The Client-centred Blog

Is money holding you back from building a prosperous financial planning practice?

I read a survey conducted with financial advisers asking what their biggest challenge was.

Number one was getting clients.

It would be easy to believe that the solution would be to just find a reliable source of potential financial planning clients.

Yet this is not always true. As I discovered, we sometimes have an ‘upper-limit’ issue that is slowing us down.

Is your relationship with money holding your financial planning practice back?

If I look back on my career as both a financial adviser and a coach I can see that my relationship with money was a problem.

Asking for money from people felt awkward. I used to make up stories in my head about whether people could afford what I was offering or them not thinking it was worth the investment.

Having been coached on this and coaching many of my own clients I realised that many people, probably most, experience insecurity where money is concerned.

For example, they imagine it has the power to make them happy, or unhappy, or give them security.

How do I grow my financial planning practice?

Building a financial planning practice is not about finding a reliable source of leads; it is about building relationships that serve people. 

And anything that gets in the way of building relationships is going to slow you down.

This includes money.

Many professionals have great conversations with potential clients but when it comes to talking about fees they begin to feel uncomfortable, just like I used to. 

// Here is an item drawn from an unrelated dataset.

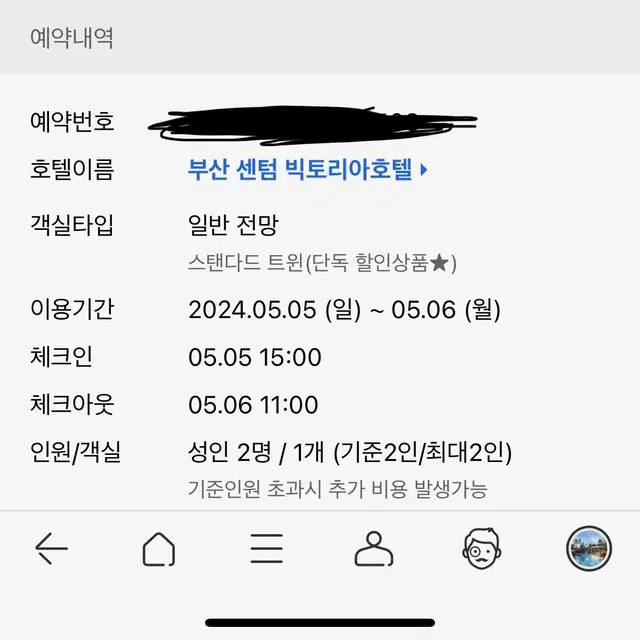 부산 센텀 빅토리아호텔 5/5~5/6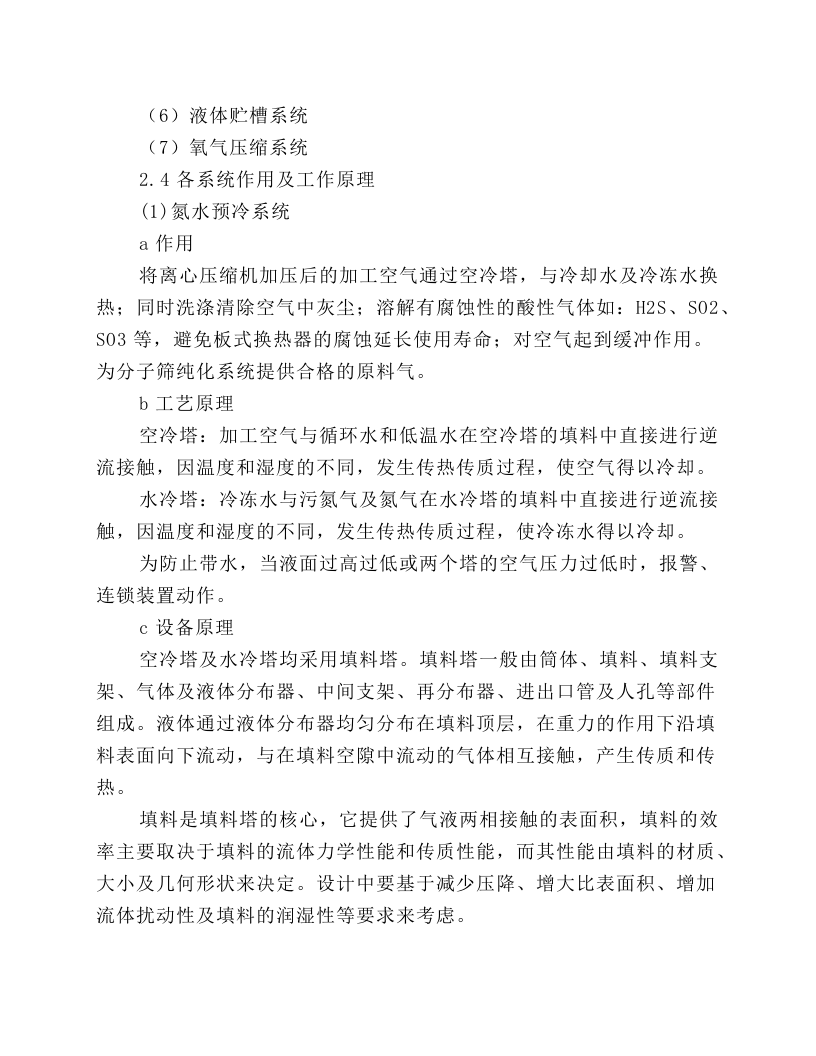 空分岗位操作规程.docx 第3页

Clients will sense this and it can easily undermine trust and connection.

So, how useful would it be useful to eliminate any insecurity you have about money and be free from imagining you need anything from anyone? 

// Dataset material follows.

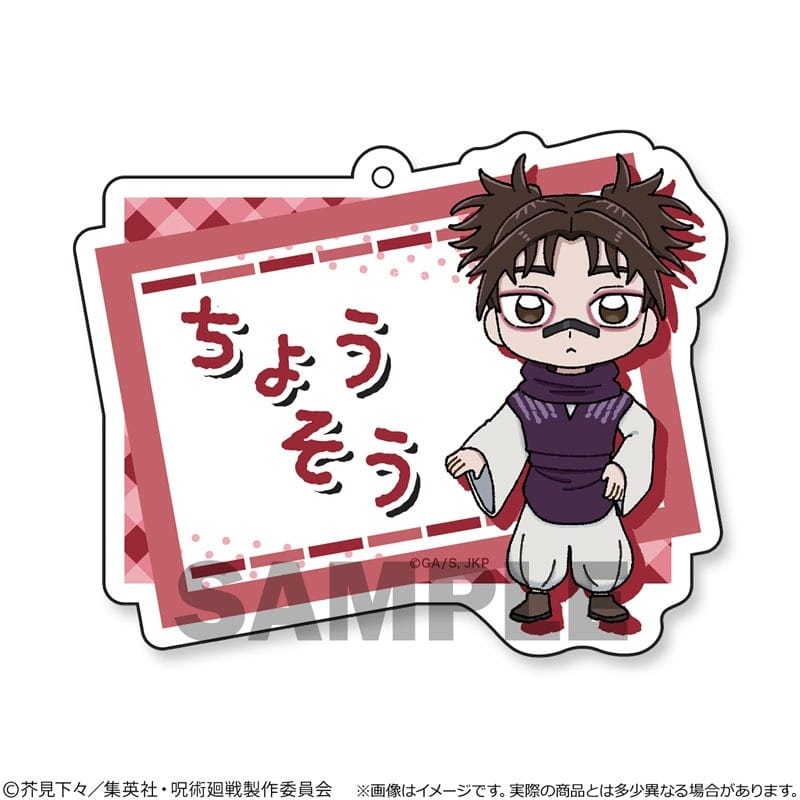 [アニメイト]呪術廻戦 おなまえプレートキーホルダー 脹相
 
2025年08月上旬発売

What money is and what it isn’t

Money is a tool or an enabler. It is an agreed way of exchanging value. That’s it.  

The most pervasive illusion that afflicts humans is that external objects, situations, or circumstances cause our feelings.

Money is no exception.

Many people think about money as though it is like oxygen. So, as soon as they think they do not have enough they start to feel like they are suffocating.

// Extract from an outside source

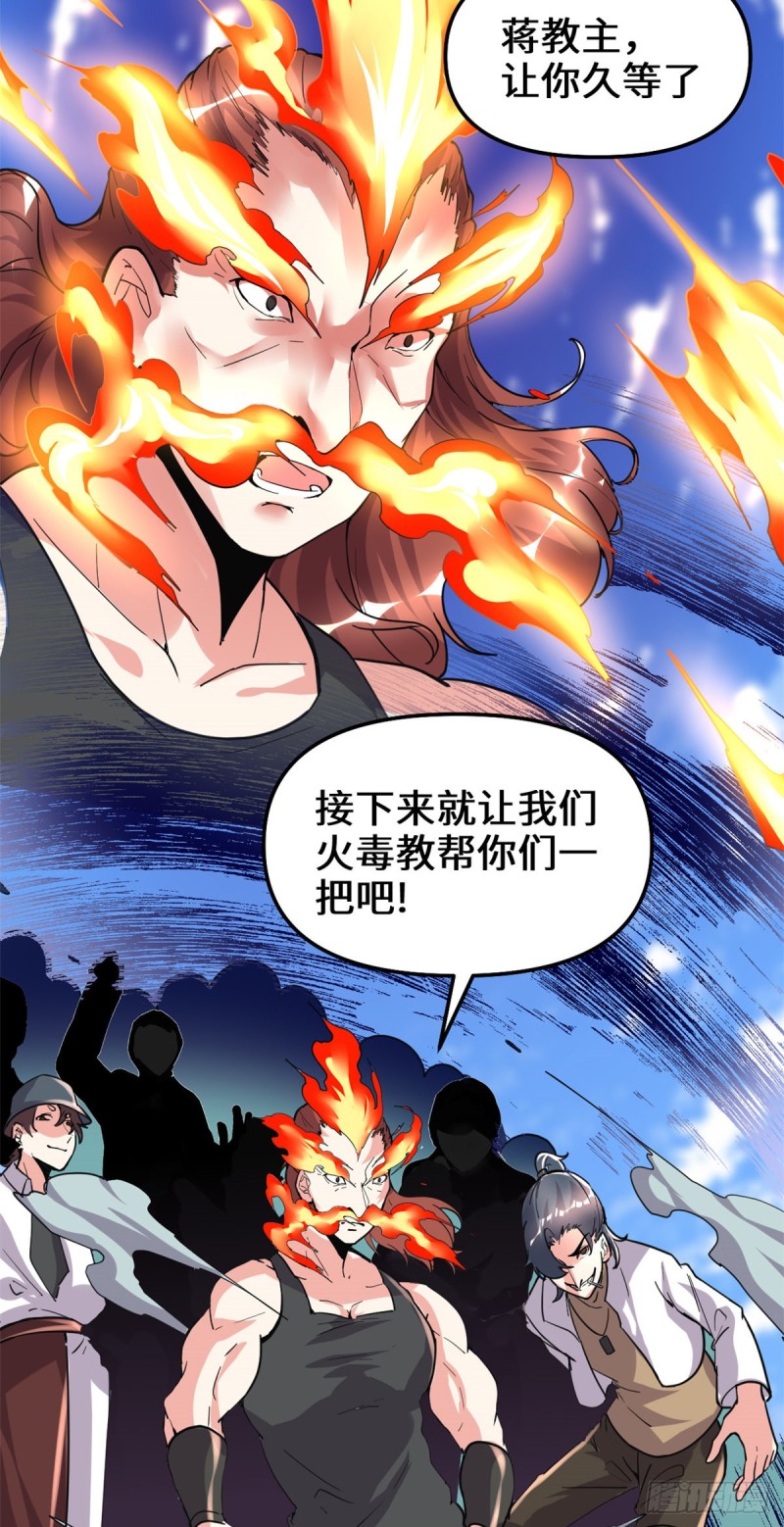 我修的可能是假仙免费听书漫画,第188话 火毒教2图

Obviously, this is not a useful state from which to create clients from.

The truth is that money, be it hard cash or numbers on a screen, has no power to make you feel anything. In this sense it is neutral, powerless, and inert.

Money cannot bring you happiness. It cannot bring you security. It cannot make you feel under pressure.

Michael Neill, author of ‘The inside out revolution’ shared a story about a client of his who woke up every single day thinking, “Is this the day I’m going to lose it all?” 

This person had a net worth of $600 million dollars!

We entirely make up in our heads the amount of money we think will bring us happiness and security.

What happens when we give money powers it does not have?

If we believe the illusion that money is the source of our pain, and therefore, our salvation too, then two things tend to happen:

1. We become unhealthily preoccupied with it (yet will often deny that money is important to us).

2. We do things we don’t want to do because our behaviour is driven by fear.

When the penny finally dropped

I have come to see that there are two fundamental truths that once realised create freedom of mind for anyone:

1. Our moment to moment experience of life is being created by thought

2. We have unlimited capacity for fresh new thinking

This is how the penny finally dropped with me because I could see that my insecurities were made up.

Yes, they still show up from time to time, but they don’t have a grip on me any longer because I know they are made of thought and have no power unless I believe them. 

These are the same truths I share with my clients.

Simple they may seem, yet they change everything. You feel secure irrespective of circumstances, you see possibility all around you, and you know you do not need anything from anyone.

This is a powerful place from which to go out into the world, build your financial planning practice by serving people and help them have a healthy relationship with money too.